Logo of The Middlebury Campus
Thursday, Mar 28, 2024

Dean and Britta

Call it a most beautiful marriage of music and film.

Dean Wareham and Britta Phillips — two musicians currently performing with a band under the moniker Dean & Britta — were commissioned several years ago by the Andy Warhol Museum and the Pittsburgh Cultural Trust to compose music accompanying a handful of Warhol’s several hundred “screen tests” — short, silent film portraits of individuals both famous and completely anonymous. The result is titled 13 Most Beautiful: 13 songs written for 13 of, ostensibly, the most beautiful or most powerful screen tests. Wareham, Phillips and two other band members performed these songs in the McCullough Social Space on Saturday night with the respective film portraits projected on a large screen behind them.

Warham and Phillips certainly come from respectable musical backgrounds; Wareham was a founding member of the pioneering indie “dream-pop” band Galaxie 500, active from 1987 through 1991, and both were members of a subsequent band, Luna, which released a string of critically respected albums in the 90s and into the new millennium. Perhaps the contemporary fanbase for these bands has lapsed (despite their influence on bands as wide-ranging as Yo La Tengo, Beach House, Sigur Rós and My Bloody Valentine) — certainly some factor prevented the show in McCullough from drawing much of a crowd. Chalk it up to this being the first weekend back, for MCAB not having much time to promote the event, or to the fact that it was hard to succinctly advertise due to its complex, multimedia nature; regardless, the Social Space was mysteriously empty for this haunting and captivating performance.

dean-and-britta-225x300


The sound mix was loud but crystal clear, the musicians had a subtle, expert touch and Warhol’s film portraits are entrancing. When they were shot (and there’s approximately 500 of them), the subjects were posed, lit and then shot with a 16mm camera on 100-foot reels of silent, black and white film. A few of the portraits were slowed down just slightly in order to match the four-minute length of the others, and this gave some of them an especially ghostly aura. The screen tests may not be the best known facet of Warhol’s oeuvre, but they have been exhibited previously (in shifting compilations with names like 13 Most Beautiful Boys and 13 Most Beautiful Women), and perhaps most notably in “Exploding Plastic Inevitable,” the traveling multimedia “happening” in which Warhol’s video art was accompanied by earsplitting performances from The Velvet Underground and Nico.

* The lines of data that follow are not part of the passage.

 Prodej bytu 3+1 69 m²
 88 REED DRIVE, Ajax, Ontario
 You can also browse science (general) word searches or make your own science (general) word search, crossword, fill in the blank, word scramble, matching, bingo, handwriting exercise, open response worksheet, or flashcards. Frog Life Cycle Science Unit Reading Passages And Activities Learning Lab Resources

Some featured “look how young!” moments of stars like Dennis Hopper, Edie Sedgwick, Lou Reed and Nico, whose natural charisma made it pleasurable to look at and become acquainted with their face for four minutes. Yet some of the most moving portraits portrayed characters from the 1960s underground whose memory has not survived in quite the same way. Ann Buchanan, a minor Beat figure who once lived with Allen Ginsberg and Neal Cassidy, stares at the audience nearly unblinkingly until a single tear rolls down her face near the end of the clip. And the icy-cool shot of lighting designer Billy Name, replete with sterile light reflected off his Aviator sunglasses, was perfectly matched by Dean & Britta’s “Silver Factory Theme,” an instrumental reminiscent of Brightblack Morning Light’s languid electric psychedelia.

Sometimes the performers let the aura of the tragic, self-destructive stories of the subjects, related by Wareham in between songs, hover over and haunt the portraits and songs themselves, greatly augmenting the mood of the performance. They might have overplayed the look how beautiful and tragic they were” card a little bit, but one couldn’t help but dwell on the mysterious disappearance of Ingrid Superstar or the poetic suicide of Freddy Harko while  watching them immortalized on screen  and accompanied by the perfect mood music.

Dean & Britta are certainly masters of emotion — their songs are low on concept but have an abundance of mood. And they’re no strangers to the art of soundtracking — they have score credits for several films under their belts, most notably Noah Baumbach’s The Squid and the Whale. Wareham’s crooning tenor and Phillips’ breathy flutter were both used to great effect in the 13 simple songs. They managed to pick exactly the right style to work within to best complement each screen test, whether it conjured pulsing Velvet Underground rock, the architectural ebbs and flows of post-rock, shoegaze’s washes of sound or simply old-fashioned, subdued pop, in which one can hear the relation to Yo La Tengo circa-And Then Nothing Turned Itself Inside Out.

Thirteen songs also turned out to be the perfect length for their set, and after the last portrait faded out, the band bowed to a light smattering of applause (I’m telling you, this crowd was small — and horrible at knowing when to clap) and quietly left the stage, leaving us with the ghostly impressions of these vanished individuals and a sort of false memory of the last great revolutionary underground which almost no one in attendance was alive to witness.